10-K analysis

Read annual filings for long-term business quality.

A strong 10-K review focuses on the business model, margin structure, cash generation, capital allocation, balance-sheet durability, and the risk factors management is willing to disclose in detail.

What to review in a 10-K

Start with the business description and segment mix. Then move through the income statement, balance sheet, and cash flow statement to identify what changed over the full year and what appears durable.

Pay close attention to risk factors, commitments, liquidity, dilution, share repurchases, and the tone of management's annual discussion.

Examples and tool links

  • Open the filing console and load a tracked 10-K
  • Compare the current annual report with the prior report structure
  • Use a company dashboard to inspect statement visuals and highlights

How to read the business before the numbers

The first pass through a 10-K should answer what kind of business you are dealing with, not whether one quarter happened to look strong. Revenue concentration, segment mix, pricing power, cyclicality, and the degree of operating leverage usually matter more than any one annual growth figure on its own.

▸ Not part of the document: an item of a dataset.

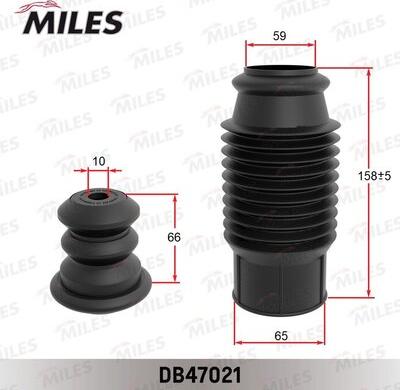 Miles DB47021 - Прахозащитен комплект, амортисьор vvparts.bg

That is why the opening sections of the annual report matter. They tell you how management wants the business to be understood: which markets it serves, what it says drives demand, and which risks it is willing to name explicitly. A solid 10-K read starts by checking whether the later financial statements actually support that description.

Financial statement questions that matter most

Annual reports are where margins, cash conversion, and balance-sheet durability become much easier to judge. Revenue may grow while quality falls. Net income may improve while cash generation weakens. Buybacks may flatter EPS while the core business is only stable. The point of the 10-K is to separate those outcomes instead of letting them blur together.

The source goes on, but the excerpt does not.